▶ Task brief:
Every line below should be copied exactly; drop the pictures.

▶ Material provided:
((

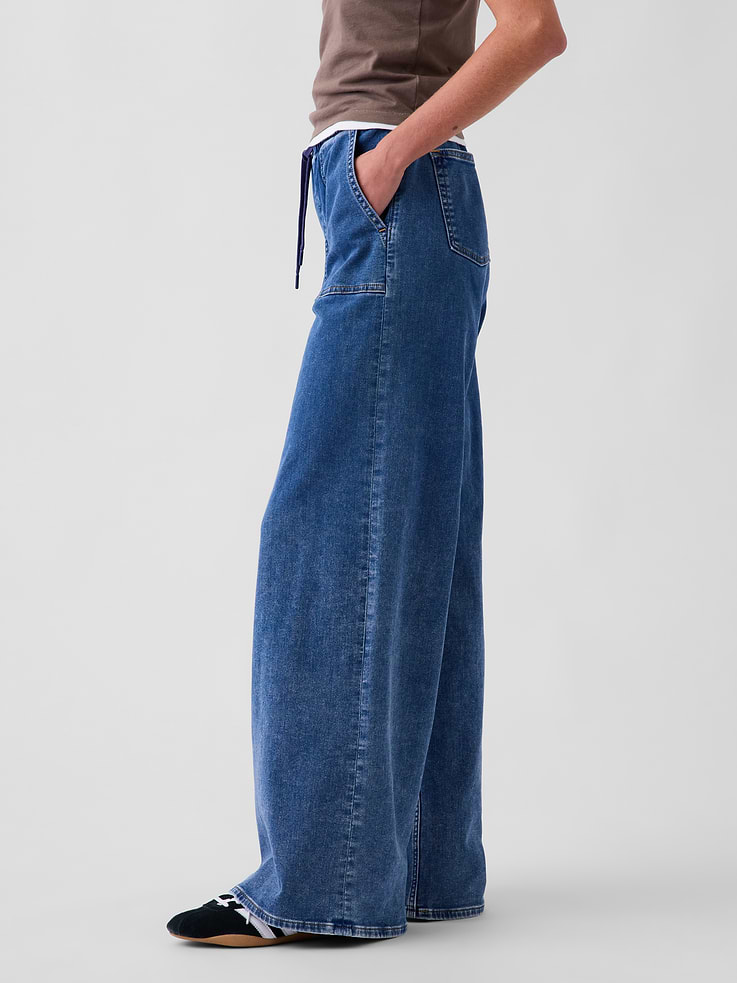 Image 3 of 6, Mid Rise Knit Easy Baggy Jeans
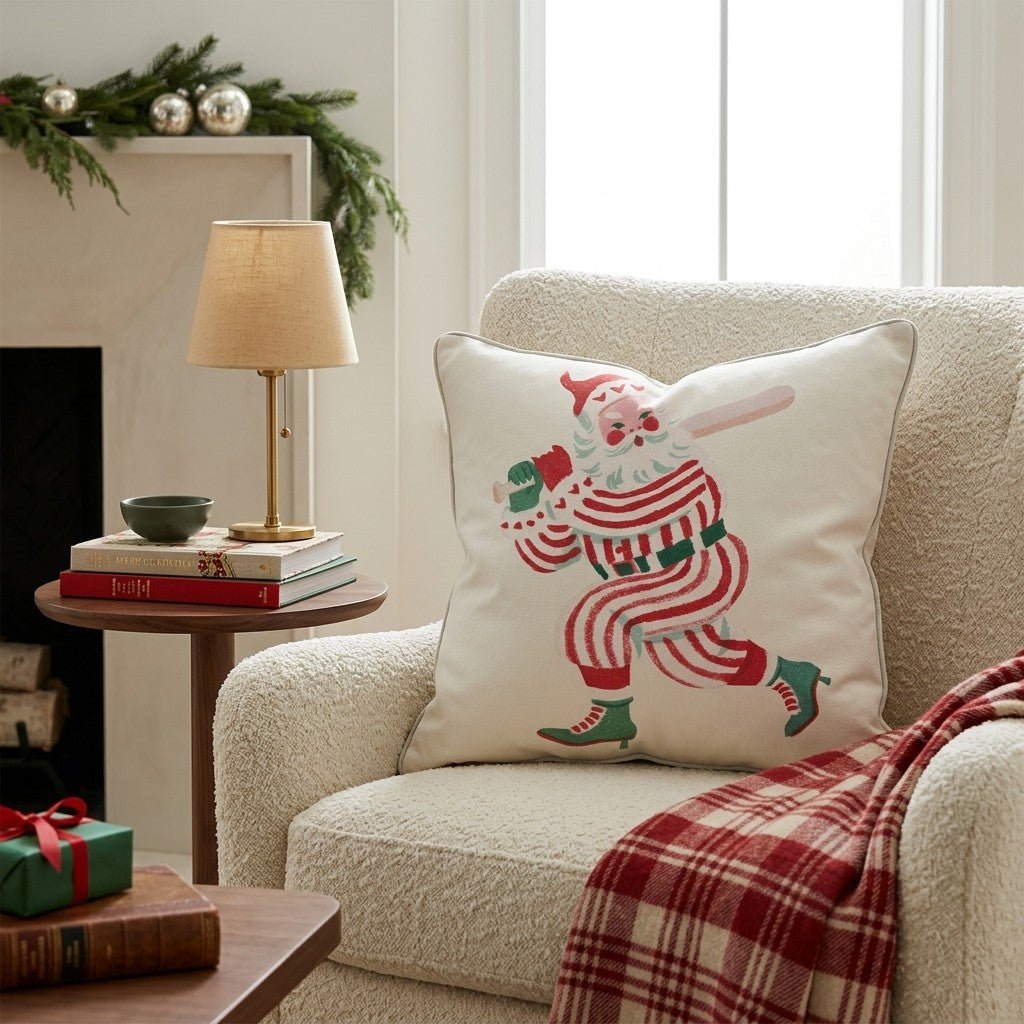 Vintage Slugger Santa Throw Pillow - Hillcroft Home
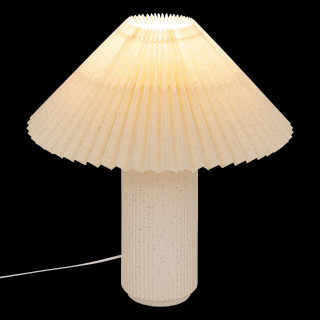 Lampe cylindre en céramique - H. 38 cm - Beige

))

▶ Exercise answer:
 Image 3 of 6, Mid Rise Knit Easy Baggy Jeans
 Vintage Slugger Santa Throw Pillow - Hillcroft Home
 Lampe cylindre en céramique - H. 38 cm - Beige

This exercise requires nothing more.